EEM has seen more than $3.3 billion exit the fund via redemptions in recent sessions while VWO has similarly seen about $1 billion flow out during the same time frame amid neverending headlines tied to Emerging Market currency distress.
Trading volume has been significantly above average all week long in both EEM and VWO, as has options activity, particularly in EEM. Latin America has clearly weighed on Emerging Markets lately, with the fourth largest
country component in the MSCI EM Index, Brazil, seeing its benchmark ETF EWZ (iShares MSCI Brazil, Expense Ratio 0.60%) trade at multi-year lows today despite a brief pop amid upside call buying yesterday.
EWZ’s asset flows at these levels have been somewhat stable, actually seeing net inflows of about $100 million in recent days, but in the trailing one year period the fund has seen more than $3.3 billion vacate via redemptions.
Still, EWZ remains the largest “Latin America Equity” focused ETP across the current product landscape, trailed by several other funds that have to be on daily radars at this point thanks to the new environment we seem to be in regarding potential EM currency distress and the presence of constant kneejerk coverage and headlines.
EWW (iShares MSCI Mexico Investable Market, Expense Ratio 0.52%) has seen impressive asset growth over the trailing one year period despite poor Latin American equity performance, pulling in >$650 million in the trailing one year period and growing to be the second largest fund in this category in terms of AUM, with about $2.45 billion currently.

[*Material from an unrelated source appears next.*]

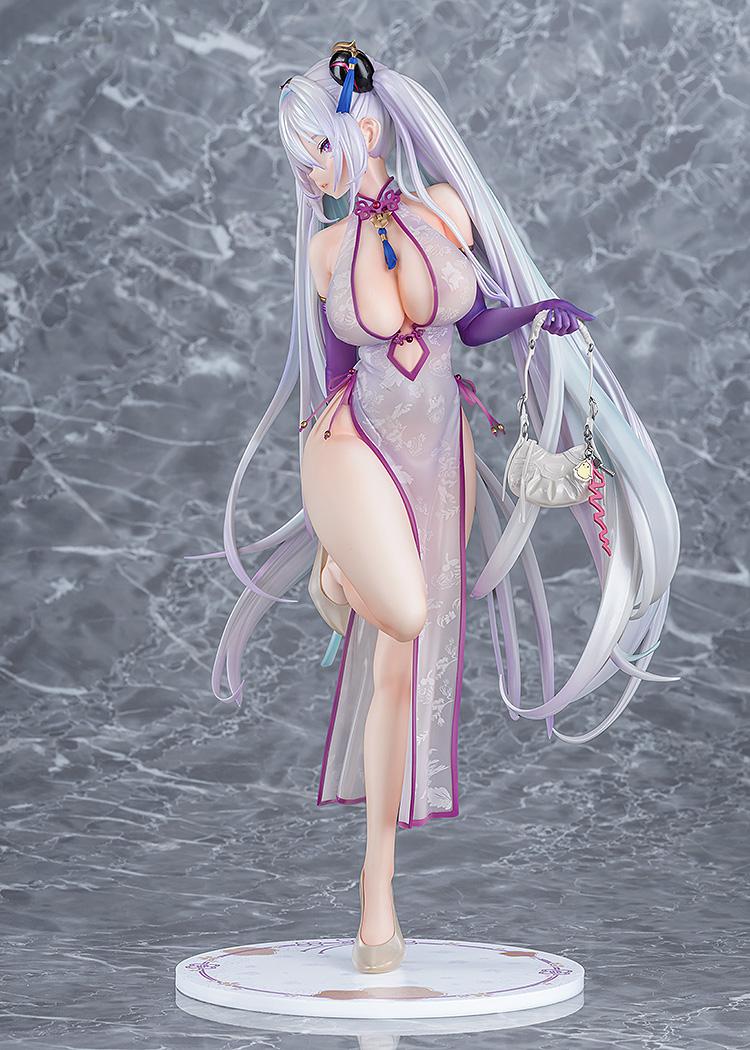 碧藍航線 キアサージ スプリング・モニタリング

Meanwhile, ILF (iShares S&P Latin America 40, Expense Ratio 0.50%) is next in line in terms of size but substantially smaller with $800 million in assets under management, but this fund has been rather hard hit in terms of net redemptions over the trailing one year period, losing >$500 million as the price has plunged to new recent lows.
Trading volume in ILF spiked yesterday compared to the daily average, with more than 1.5 million shares changing hands versus ADV of 497,000 shares, and we expect to see a heightened level of activity in this fund in the near term due to its exposure across several Latin American countries that are now in some cases, in the daily market headlines (Brazil 54.95%, Mexico 27.13%, Chile 10.79%, Colombia 3.13% and Peru 2.48%).
Missing from this list is Argentina which has been exceptionally active in 2014 as well, and we are watching ARGT (Global X FTSE Argentina 20, Expense Ratio 0.75%) which has traded a multiple of its typical daily volume this week during every trading session on a steep sell-off.